=== Begin Enclosure ===

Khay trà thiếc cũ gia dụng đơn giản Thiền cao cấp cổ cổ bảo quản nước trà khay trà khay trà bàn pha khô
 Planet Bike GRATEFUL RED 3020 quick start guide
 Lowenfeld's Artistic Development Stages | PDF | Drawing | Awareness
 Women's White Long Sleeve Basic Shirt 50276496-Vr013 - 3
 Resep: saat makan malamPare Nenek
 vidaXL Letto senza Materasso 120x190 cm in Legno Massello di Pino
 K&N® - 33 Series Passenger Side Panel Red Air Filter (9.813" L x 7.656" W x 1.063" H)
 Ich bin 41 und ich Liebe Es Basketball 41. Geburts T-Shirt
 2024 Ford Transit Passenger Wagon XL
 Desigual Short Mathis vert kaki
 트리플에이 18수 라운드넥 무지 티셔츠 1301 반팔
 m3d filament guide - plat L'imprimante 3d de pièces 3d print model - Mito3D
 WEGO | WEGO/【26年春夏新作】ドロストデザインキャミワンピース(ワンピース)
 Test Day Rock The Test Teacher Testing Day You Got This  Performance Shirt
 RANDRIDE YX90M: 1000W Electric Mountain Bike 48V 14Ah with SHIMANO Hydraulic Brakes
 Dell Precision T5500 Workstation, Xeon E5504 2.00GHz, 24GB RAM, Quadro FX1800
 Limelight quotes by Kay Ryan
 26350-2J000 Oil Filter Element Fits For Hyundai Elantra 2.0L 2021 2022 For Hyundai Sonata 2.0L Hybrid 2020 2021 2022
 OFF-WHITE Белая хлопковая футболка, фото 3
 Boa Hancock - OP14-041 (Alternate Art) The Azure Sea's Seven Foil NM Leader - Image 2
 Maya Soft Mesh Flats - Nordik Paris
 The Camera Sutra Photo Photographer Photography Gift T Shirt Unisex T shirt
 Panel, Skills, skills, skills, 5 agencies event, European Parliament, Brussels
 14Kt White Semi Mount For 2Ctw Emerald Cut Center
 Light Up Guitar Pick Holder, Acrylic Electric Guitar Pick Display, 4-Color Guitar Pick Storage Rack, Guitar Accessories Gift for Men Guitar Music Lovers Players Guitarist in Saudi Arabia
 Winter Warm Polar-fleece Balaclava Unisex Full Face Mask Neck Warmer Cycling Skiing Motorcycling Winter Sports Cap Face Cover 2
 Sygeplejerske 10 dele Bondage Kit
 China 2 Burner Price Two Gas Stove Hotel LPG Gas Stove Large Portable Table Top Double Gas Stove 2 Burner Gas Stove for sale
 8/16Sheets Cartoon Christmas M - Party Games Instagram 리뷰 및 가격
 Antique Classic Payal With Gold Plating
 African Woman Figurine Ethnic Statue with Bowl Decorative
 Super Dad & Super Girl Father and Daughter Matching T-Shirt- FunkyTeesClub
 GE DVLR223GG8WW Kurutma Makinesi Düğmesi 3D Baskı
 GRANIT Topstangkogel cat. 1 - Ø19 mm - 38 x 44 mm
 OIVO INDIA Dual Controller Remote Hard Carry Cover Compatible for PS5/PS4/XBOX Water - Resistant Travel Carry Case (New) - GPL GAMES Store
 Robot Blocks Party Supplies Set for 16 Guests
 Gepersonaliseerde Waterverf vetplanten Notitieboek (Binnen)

=== End Enclosure ===

> What is required: Your task is to retype the entries verbatim, starting with the line that holds "8/16Sheets Cartoon Christmas" and stopping after the line that holds "GRANIT Topstangkogel cat.".

> Response to the exercise:
 8/16Sheets Cartoon Christmas M - Party Games Instagram 리뷰 및 가격
 Antique Classic Payal With Gold Plating
 African Woman Figurine Ethnic Statue with Bowl Decorative
 Super Dad & Super Girl Father and Daughter Matching T-Shirt- FunkyTeesClub
 GE DVLR223GG8WW Kurutma Makinesi Düğmesi 3D Baskı
 GRANIT Topstangkogel cat. 1 - Ø19 mm - 38 x 44 mm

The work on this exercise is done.